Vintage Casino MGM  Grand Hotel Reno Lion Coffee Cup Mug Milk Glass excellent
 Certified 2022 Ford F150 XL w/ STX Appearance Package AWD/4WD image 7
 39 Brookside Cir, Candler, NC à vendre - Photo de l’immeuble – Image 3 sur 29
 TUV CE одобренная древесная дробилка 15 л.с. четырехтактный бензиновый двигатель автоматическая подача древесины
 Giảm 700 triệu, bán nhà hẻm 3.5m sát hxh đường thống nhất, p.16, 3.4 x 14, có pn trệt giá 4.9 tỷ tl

------------------------------------------------------------------------

**Task instructions**.
Please transcribe exactly the line containing "39 Brookside Cir, Candler, NC" and every line after it to the end of the data, and no other lines.

**Your solution**.
 39 Brookside Cir, Candler, NC à vendre - Photo de l’immeuble – Image 3 sur 29
 TUV CE одобренная древесная дробилка 15 л.с. четырехтактный бензиновый двигатель автоматическая подача древесины
 Giảm 700 triệu, bán nhà hẻm 3.5m sát hxh đường thống nhất, p.16, 3.4 x 14, có pn trệt giá 4.9 tỷ tl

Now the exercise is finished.